Face au danger des paquets éventrés, que fait la Poste ? « Nous sensibilisons nos clients », affirme la direction, qui a refusé de nous accorder une interview. Le service communication, chargé de nous répondre, a rapporté les informations suivantes : « Une expertise a été demandée à un bureau de contrôle. Ses conclusions disent que l’on est en deçà du seuil de dangerosité préconisé par l’Organisation mondiale de la santé. Il n’y a donc pas de risque avéré. »
Toujours aucune mesure prise
L’expertise en question n’est pas accessible. Mais celle qui a été menée en 2016 à la demande du CHSCT de Gennevilliers rappelle que pour les agents chimiques cancérogènes, il n’existe pas de dose non dangereuse. La valeur limite d’exposition professionnelle (VLEP) – à laquelle se réfère La Poste – ne prévient pas non plus la dangerosité particulière des particules très fines. L’expertise CHSCT estime même que le respect des VLEP peut « conduire à détourner la nécessaire vigilance vis-à-vis du danger occasionné » par ces agents cancérogènes et particules fines. Axée sur le respect de la valeur limite, l’organisation du travail omettrait ainsi que la vraie sécurité est l’absence d’exposition.

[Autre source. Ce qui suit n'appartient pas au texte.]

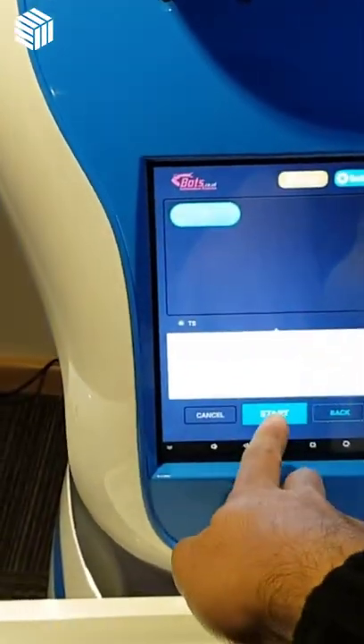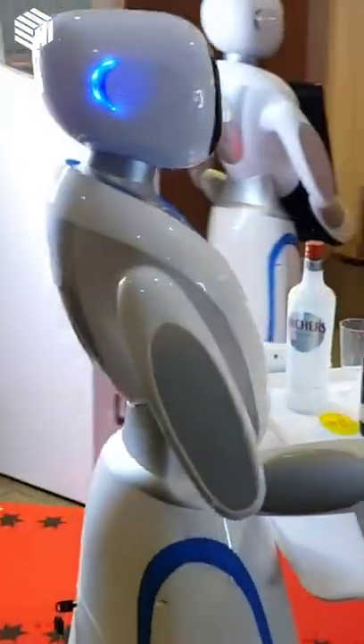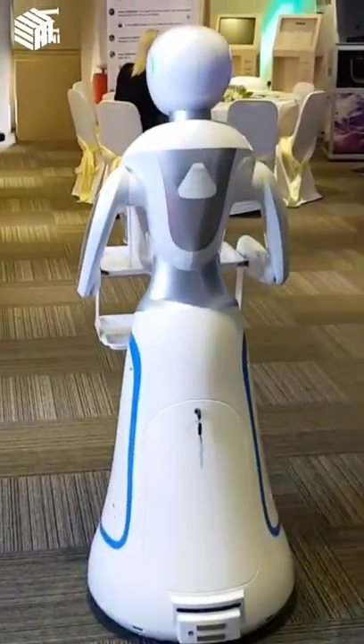Robot Waitress is an innovative functional robot that can act as an interactive assistant for any service sector. Robot Waitress can carry out reception duties, deliver food and drink, create an interactive shopping experience, and provide consultative and informative explanations.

« Pour contrer l’immobilisme de la direction, nous avons lancé une procédure en référé, dit Jean-Michel Gillet. Nous ne voulons plus que ces colis soient traités à l’air libre. Il faut un circuit spécial, comme pour le transport de matériaux dangereux, avec des emballages spéciaux, hermétiquement fermés. Bien sûr, cela va coûter de l’argent, et c’est pour cela qu’ils ne veulent rien changer. »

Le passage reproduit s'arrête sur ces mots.